When it comes to video games, I have to admit that I love complication.

As my wife will no doubt attest, I have a knack for turning any game we play from fun to boring, from boring to tedious, and from tedious to frustrating. I wish I knew why, but in all too many cases I enjoy the metagame more than the game itself. As with all nerdy newlyweds, we both dreamed of playing games together. I ostensibly crushed these dreams underfoot. When we played Diablo II, I lambasted her for leveling inefficiently. When we played Super Mario World, I threw a tantrum every time she missed an alternate level ending. I’m pretty sure I gave a lecture about zombie survival philosophy when she didn’t pick up the shotgun in Left 4 Dead.

We’re I’m getting better.
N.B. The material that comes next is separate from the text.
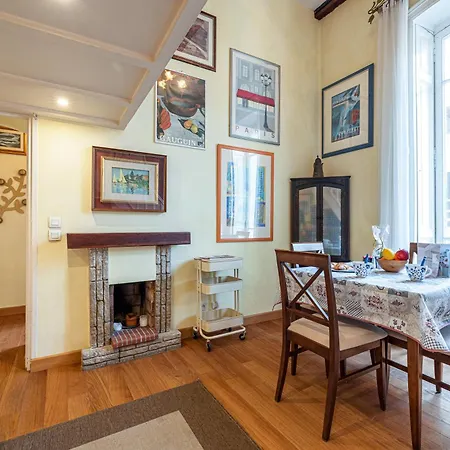 Apartment Regina - Duplex In Heart Of - Happy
I have to remember that we are coming from different worlds when it comes to gaming experience. She would play Donkey Kong Country with friends and family; I would spend years alone playing MMORPGs and even more time researching how to optimize my play time in said MMORPGs. I’m starting to realize that Final Fantasy can still be fun without EVERY item, Zelda without EVERY heart container, and Mass Effect without EVERY codex entry. I’m still not entirely sure HOW this is still fun, but I’m learning.
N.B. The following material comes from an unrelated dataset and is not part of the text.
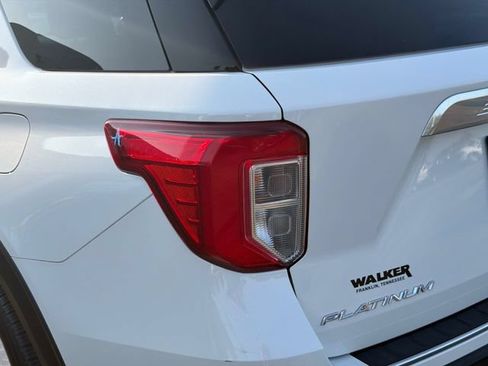Used 2020 Ford Explorer Platinum w/ Premium Technology Package AWD/4WD image 11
Part of this re-education involves how I play a game. Whereas before I usually wouldn’t play Pokemon without multiple wiki pages open and an open notepad, I’m striving now to play games organically. I completed the Mass Effect trilogy without referring to a single wiki, and even tried a Nuzlocke Challenge!

The other part of learning to simply enjoy video games has come about through playing more simply enjoyable video games.

Tetris for NES

Let’s take Tetris for example, first. I’ve always loved Tetris. Anyone who grew up with a green-and-yellow-screened Game Boy did. But when I was young and played this game, without wikis, meta-gaming, or research. Why? Because it was easy to pick up and play, its rules were simple and standard, and the ratio of time invested to entertainment was very low.

Now, the old Emgee would most likely dismiss these traits as indicative of a weak game. You don’t even have to be a nerd to enjoy Tetris! As I take a step back, I’m finding that I not only -can- still be a nerd and play casual games, but that these simple games work as a great relief to the by-product stress of the complicated games I enjoy.

An example of the orbital view in Kerbal Space Program


Don’t get me wrong–I love plotting Hohmann Transfers and scheduling retrograde insertion burns just as much everyone else. Kerbal Space Program gives me that strange mixture of fun and learning that I haven’t felt since Mario Teaches Typing. It also gives me a headache if I play for too long. Which, unsurprisingly, I do quite often.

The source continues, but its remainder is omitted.